- [TASK DETAILS]
Repeat the records. Keep every word and mark exactly as it is.
■ ■ ■
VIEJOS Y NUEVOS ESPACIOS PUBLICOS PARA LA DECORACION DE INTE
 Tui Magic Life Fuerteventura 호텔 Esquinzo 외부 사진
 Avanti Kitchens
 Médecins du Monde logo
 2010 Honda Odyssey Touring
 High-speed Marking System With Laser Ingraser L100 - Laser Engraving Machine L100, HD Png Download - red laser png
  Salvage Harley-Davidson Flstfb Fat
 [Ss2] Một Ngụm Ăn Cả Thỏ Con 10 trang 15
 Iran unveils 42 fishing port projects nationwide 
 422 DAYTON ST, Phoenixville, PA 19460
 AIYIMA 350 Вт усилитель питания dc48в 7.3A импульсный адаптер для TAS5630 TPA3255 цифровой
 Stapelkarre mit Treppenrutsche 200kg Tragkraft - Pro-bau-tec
■ ■ ■
- [RESPONSE BOX]
VIEJOS Y NUEVOS ESPACIOS PUBLICOS PARA LA DECORACION DE INTE
 Tui Magic Life Fuerteventura 호텔 Esquinzo 외부 사진
 Avanti Kitchens
 Médecins du Monde logo
 2010 Honda Odyssey Touring
 High-speed Marking System With Laser Ingraser L100 - Laser Engraving Machine L100, HD Png Download - red laser png
  Salvage Harley-Davidson Flstfb Fat
 [Ss2] Một Ngụm Ăn Cả Thỏ Con 10 trang 15
 Iran unveils 42 fishing port projects nationwide 
 422 DAYTON ST, Phoenixville, PA 19460
 AIYIMA 350 Вт усилитель питания dc48в 7.3A импульсный адаптер для TAS5630 TPA3255 цифровой
 Stapelkarre mit Treppenrutsche 200kg Tragkraft - Pro-bau-tec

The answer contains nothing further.